The # samples per spectrum determines the frequency resolution of the analysis, as shown in the table.  Larger "chunks" improve the frequency resolution, but also cause "smearing" of the notes - e.g., 32768 samples/spectrum provides excellent frequency resolution, but all notes played during any 743 millisecond interval will show up together, even if one note was played early in the time interval, and another note at the end of the time interval.  Furthermore, a large # of samples per spectrum require much more processing power, which may become a limitation during real-time (record and playback) operations.

 

Audio Samples/Spectrum Duration (milliseconds) Frequency Resolution
512 11.6 172 Hz
1024 23.2 86.1 Hz
2048 46.4 43.1 Hz
4096 92.9 21.5 Hz
8192 186 10.8 Hz
16384 327 5.4 Hz
32768 743 2.69 Hz

.

In choosing suitable values for samples between spectra and samples per spectrum, a few considerations are:

  • Is the music very fast, or fairly slow?  If the music is very fast and notes occur in rapid succession, a smaller value for samples between spectra will improve the time resolution.
  • Does the music have intricate bass lines?  If so, a larger value for samples per spectrum may improve the bass resolution.
  • Can my hard-drive accommodate an extremely large spectral file?  Smaller value of samples between spectra and larger values of samples per spectrum both lead to larger storage requirements for the spectral data.  Even if you are preparing a NoteMap and intend to discard the spectral file, this storage space is still required for transient use.

Spectrum Generation

The Power Spectrum Analyzer provides a few statistical tricks to improve the quality of the generated frequency spectra. 

First, each "chunk" of audio samples sent for analysis can be broken down into a number of "subchunks"; each "subchunk" is analyzed separately, and the results are averaged together.  This averaging can reduce the effects of noise present in the audio recording.  Note that if Averaging is set to 1, the original chunk is not subdivided and no averaging actually occurs.  It is important to remember that when averaging is used, the actual frequency resolution of the resulting spectra will be decreased proportionately, just as if a smaller value for Samples per Spectra had been selected.

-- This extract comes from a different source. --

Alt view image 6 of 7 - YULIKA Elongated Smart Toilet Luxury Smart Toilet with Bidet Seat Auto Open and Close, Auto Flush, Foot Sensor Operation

After dividing the data into "subchunks", a weighting scheme is applied to each subchunk.  In general, these weighting schemes apply a weight of 0 to audio samples at the extreme ends of each subchunk, a weight of 1.0 to the sample at the center of a subchunk, and transition smoothly through other regions of the subchunk.  Note that the square window applies a weight of 1.0 to all samples, effectively disabling the weighting process.  Weighting is an important part of the Power Spectrum Analyzer, as it reduces leakage of information from neighboring chunks and subchunks.  As an experiment, try turning weighting off (by selecting the Square weighting scheme) and comparing the quality of generated NoteMaps. 

 

Weighting Schemes
Parzen Square Welch Hanning

 

Overlapping is a third mechanism for improving the statistical quality of the PSA output.  When overlapping is enabled, the length of each subchunk is doubled so that it overlaps with the subchunks before and after.  Note that this causes the actual number of subchunks to be decreased by 1 (e.g., Averaging - 1), so that if overlapping is used, it may be desirable to also increase the averaging.  Overlapping is disabled when averaging is set to 2 or less.